## Exercise
Copy the data exactly from the line that contains "Часы наручные женские Michael Kors, MK3476" through the line that contains "6982 Lord Fairfax Highway - Photo 3", keeping both end lines and leaving out everything else.

## Stored data
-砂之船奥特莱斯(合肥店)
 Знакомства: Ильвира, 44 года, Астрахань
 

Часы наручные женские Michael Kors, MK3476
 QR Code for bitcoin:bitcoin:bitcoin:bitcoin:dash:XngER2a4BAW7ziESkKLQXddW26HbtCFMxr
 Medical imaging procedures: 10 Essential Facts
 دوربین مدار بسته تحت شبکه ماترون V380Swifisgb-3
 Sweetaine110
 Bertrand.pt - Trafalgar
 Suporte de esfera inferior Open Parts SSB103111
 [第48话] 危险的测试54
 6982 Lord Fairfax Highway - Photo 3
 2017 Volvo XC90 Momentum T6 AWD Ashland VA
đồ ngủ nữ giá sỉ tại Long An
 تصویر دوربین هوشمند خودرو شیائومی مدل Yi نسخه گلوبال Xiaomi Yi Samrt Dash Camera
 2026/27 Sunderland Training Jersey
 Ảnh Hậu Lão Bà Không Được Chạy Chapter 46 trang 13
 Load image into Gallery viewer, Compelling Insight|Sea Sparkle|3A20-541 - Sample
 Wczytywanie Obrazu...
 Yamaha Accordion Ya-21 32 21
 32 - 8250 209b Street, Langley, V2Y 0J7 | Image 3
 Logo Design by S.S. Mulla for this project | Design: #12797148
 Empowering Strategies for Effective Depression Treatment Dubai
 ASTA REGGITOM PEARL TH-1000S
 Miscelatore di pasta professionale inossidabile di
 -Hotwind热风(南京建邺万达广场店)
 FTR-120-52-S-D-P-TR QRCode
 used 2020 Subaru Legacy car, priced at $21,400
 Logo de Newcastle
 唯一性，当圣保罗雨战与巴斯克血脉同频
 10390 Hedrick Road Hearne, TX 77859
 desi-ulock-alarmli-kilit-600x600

## Exercise response
Часы наручные женские Michael Kors, MK3476
 QR Code for bitcoin:bitcoin:bitcoin:bitcoin:dash:XngER2a4BAW7ziESkKLQXddW26HbtCFMxr
 Medical imaging procedures: 10 Essential Facts
 دوربین مدار بسته تحت شبکه ماترون V380Swifisgb-3
 Sweetaine110
 Bertrand.pt - Trafalgar
 Suporte de esfera inferior Open Parts SSB103111
 [第48话] 危险的测试54
 6982 Lord Fairfax Highway - Photo 3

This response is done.